GIVEN INFORMATION →

=====

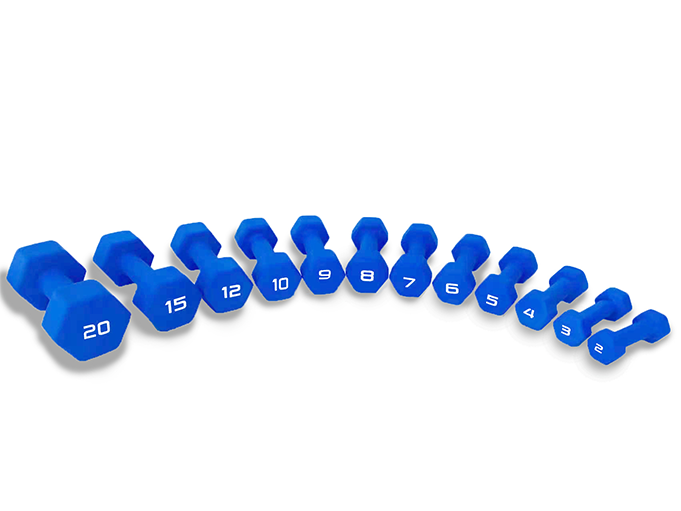 Blue Neoprene Dumbbells & Packages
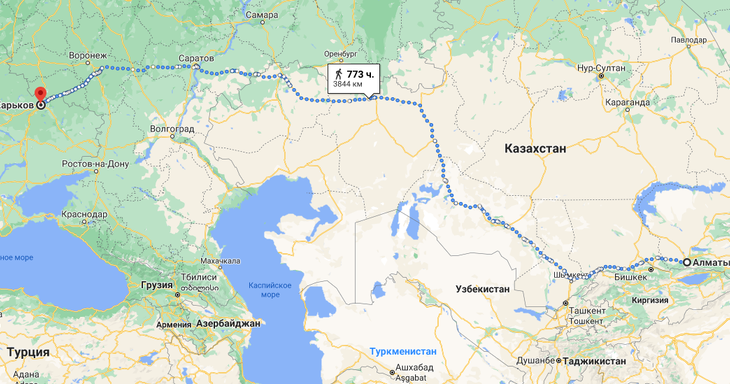 Грузоперевозки Алматы – Харьков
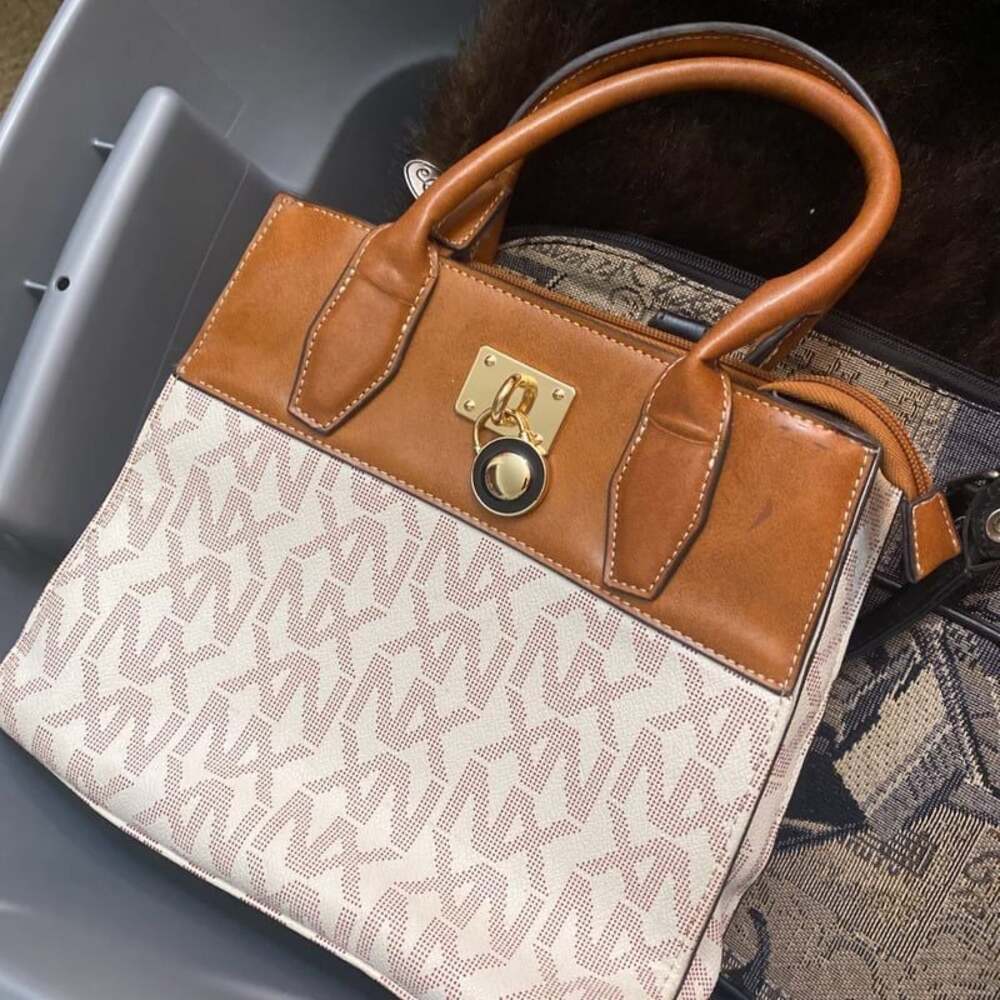 Noble Exchange (NX) Monogram Logo Vanilla/Tan Belted‎ Satchel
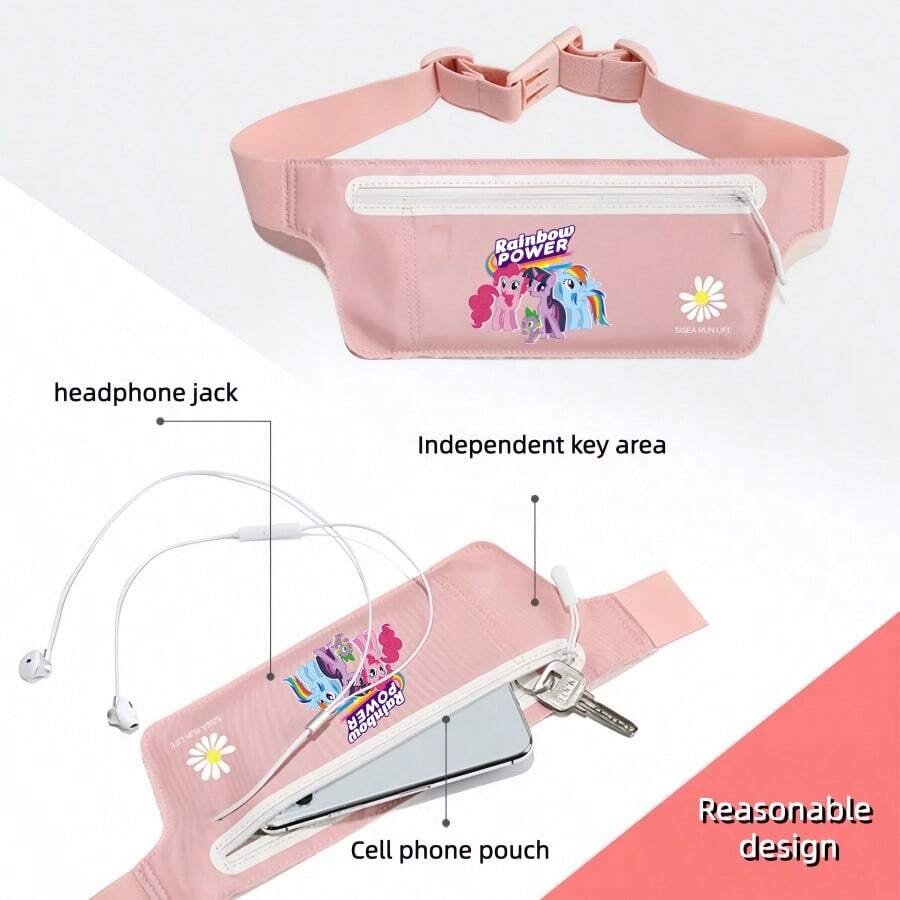 MY LITTLE PONY 2026新款小马宝莉卡通图案跑步腰包，运动必备，马拉松跑步腰包，可装手机和钥匙，反光设计，适合夜跑，轻便防水，男女通用，跑步手机腰包，适合日常健身和专业跑步——可作为礼物送给家人、朋友、同学、挚友、兄弟。 - 彩色 - 查看 1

=====

PROBLEM DETAILS → The material above is to be transcribed exactly, with all pictures omitted.

RESULT BELOW →
 Blue Neoprene Dumbbells & Packages
 Грузоперевозки Алматы – Харьков
 Noble Exchange (NX) Monogram Logo Vanilla/Tan Belted‎ Satchel
 MY LITTLE PONY 2026新款小马宝莉卡通图案跑步腰包，运动必备，马拉松跑步腰包，可装手机和钥匙，反光设计，适合夜跑，轻便防水，男女通用，跑步手机腰包，适合日常健身和专业跑步——可作为礼物送给家人、朋友、同学、挚友、兄弟。 - 彩色 - 查看 1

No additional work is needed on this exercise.